The short answer to your question is:
Yes you can run a 2560 x 1400 @ 60Hz on an external monitor. Thunderbolt compatibility doesn't matter since the only interface you need to and can work with is the mini display port (mDP).
The question now is, what are your "goals?" Maybe we can direct you to a different solution.
The MBP Mid-2012 only came with 512MB VRAM, not the 1GB you are specifying. In any case, the maximum resolution you will ever get will be 2560 x 1600 MacBook Pro (13-inch, Mid 2012) - Technical Specifications
That said, there is no "thunderbolt to display port" adapter. Below is a snipit from another answer where I addressed this very issue:
Now, there is no "Thunderbolt" to DVI/HDMI because Thunderbolt is an extension of PCIe. So, in a very basic sense, this would be like trying to plug your monitor in directly to the logic board and not go through the video adapter; it cannot happen.
However, Thunderbolt "multiplexes" the DisplayPort signal on that
single cable. You are going to get both. Now, if you use a a
Thunderbolt compatible cable, you can daisy chain additional TB
devices off your monitor, albeit at a reduced data transfer rate. This
is why monitors are the last in the chain. If you use a non-TB cable,
you will only get display and no TB signal.
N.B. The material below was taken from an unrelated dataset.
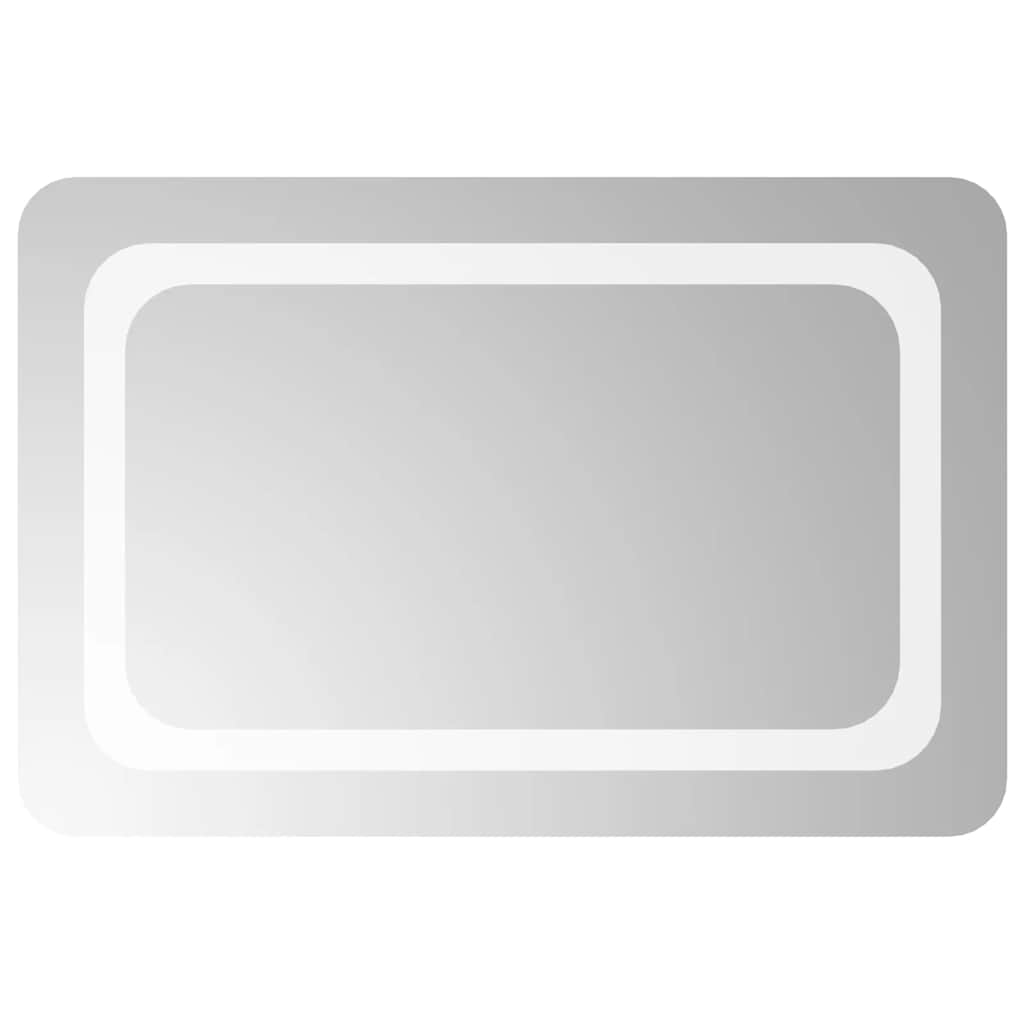 Specchio da Bagno con Luci LED 60x40 cm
The mini display port (mDP) on your MBP isn't going to give you any more resolution than your GPU is capable of delivering. mDP 1.2 can support up to 4K video at 60Hhz; it's just your MBP can't deliver it. Changing your cable to one that supports more bandwidth isn't going to give you more resolution the same way changing out your cat5 cable for cat6 will increase the bandwidth of your 1GB NIC.